An accused person is said at common law to be admitted to bail, when he is released from the custody of the officers of the Court and is entrusted to the custody of persons’ known as his sureties, who are bound to produce him to answer, at a specified time and place, the charge against him and who, in default of so doing, are liable to forfeit such sum as is specified when bail is granted.
The law of bails is not a static law but is growing all the time moulding itself with the exigencies of time, as in times of war and crisis it leans in favour of the society and the Government, while in times of peace it leans in favour of the individual and the subject. The main purpose of keeping an undertriel accused in detention’ is, to prevent repetition of the offence with which he is charged or perpetration of some other offence and to secure his attendance at the trial. Such object has to be achieved within the framework of a man’s right to liberty, which is the cherished right which he enjoys alongwith other rights, collectively known as his freedom. This leads one to consideration of the fundamental rights, which are based on concepts of freedom, justice and fair play. These are not new, but are a man’s natural rights which he inherits on birth. They include right to live and to earn for such living, right to have a shelter and to own a house and the right to lead free life. These rights are enshrined in Part II of the Constitution of Pakistan, 1973, and include security of person, put in Article 9, of the same. Black-Stone in his celebrated commentaries on the Laws of England propounded his philosophy of natural and absolute rights, which he reduced to three principal or primary articles: the right of personal security, the right of personal liberty and the right of private property.
The basic concept of bail is release of a person from the custody of police and delivery into the hands of sureties, who undertake to produce him in Court whenever required to do so. Such a purpose cannot be achieved by releasing an accused from custody on furnishing of cash security, in lieu of solvent sureties who can take effort to produce the accused released, at a given date, time and place. It is also to be noted that as per Section 499 of Cr.P.C., before release of a person on bail by a Court, a bond of the requisite amount is to be executed by one or more sureties conditioned that such person shall attend the Court at the time and place mentioned in the bond. These provisions contained in Section 499 of Cr.P.C. would be rendered nugatory, if the person being released is asked to furnish cash security, in lieu of solvent surety or sureties. There would be no body to ensure attendance of the released person at the appointed place, date and time, if he has been released only on furnishing of cash security. This would be against the letter and spirit of law enshrined in Section 499 of Cr.P.C.”

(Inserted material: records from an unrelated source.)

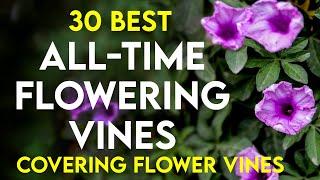 30 best permanent flowering creepers in india | all time flowering vines | perennial flowering vines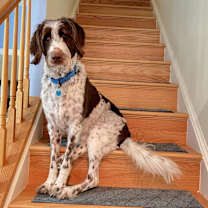 Thumbnail photo of Rio #3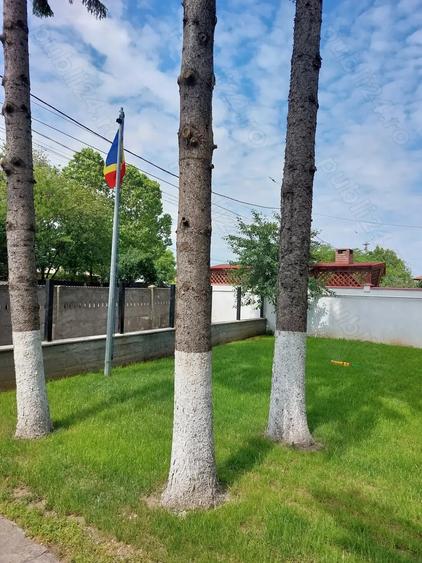 Casă cu Teren 674 Mp în Afumați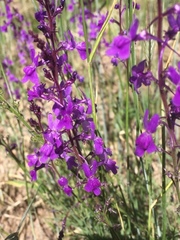 Linaria elegans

The above judgment while interpreting Section 499, Cr.P.C. clearly provide that bail becomes operative when the surety undertakes to produce the accused/petitioner before the Court or police authorities at given time and place until such time when surety is executed. It cannot be said that the custody of the petitioner is handed over under the charge to the surety. In this behalf, for case of convenience, Section 499, Cr.P.C. is reproduced herein below:
“499. Bond of accused and sureties. (1) Before any person is released on bail or released on his own bond, a bond for such sum of money as the police officer or Court, as the case may be, thinks sufficient shall be executed by such person and, when he is released on bail, by one or more sufficient sureties conditioned that such person shall attend at the time and place mentioned in the bond, and shall continue so to attend until otherwise directed by the police officer or Court, as the case may be.

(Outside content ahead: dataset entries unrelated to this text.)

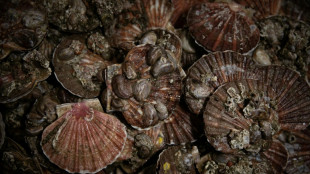 Les gisements fran&ccedil;ais de coquilles Saint-Jacques se portent "globalement bien", selon l'Ifremer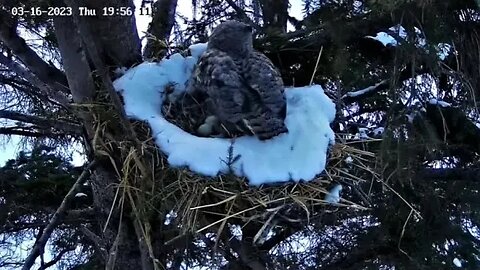 Ellie's Break, Egg Peek, and Return 🥚🥚🥚 03/16/23 19:56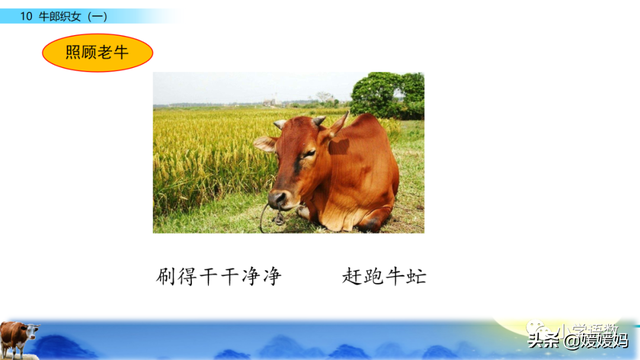 恋恋不舍的意思，恋恋不舍的意思是什么（部编版五级年语文上册第10课《牛郎织女）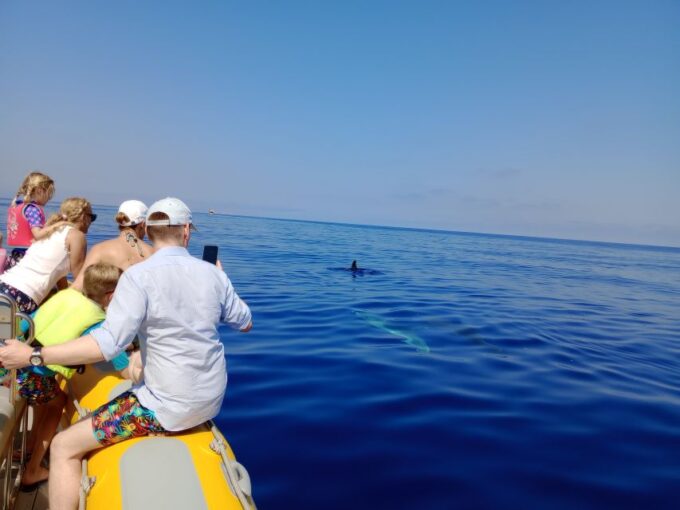 Can Picafort: Dolphin Watching Boat Tour With Swimming - Sighting Playful Dolphins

(2)  If the case so requires, the bond shall also bind the person released on bail to appear when called upon at the High Court, Court of Session or other Court to answer the charge. “
7.  The bail granting order did not become operative inasmuch as it was subject to furnishing of bail bonds and surety in the sum of Rs. 20,000/- each inasmuch under the facts and circumstances, no Robkar/Certificate was issued by the Court viz bail of the petitioner. Such being the position, the police authorities arrested the petitioners formally on 21.02.2018. The instant petition is in the nature of bail before arrest and since the petitioners now have been arrested, though were produced in the Court on the order of the Court, now have to apply for the bail after arrest.
8.  In view of above, the instant petition has become infructuous and is accordingly disposed off.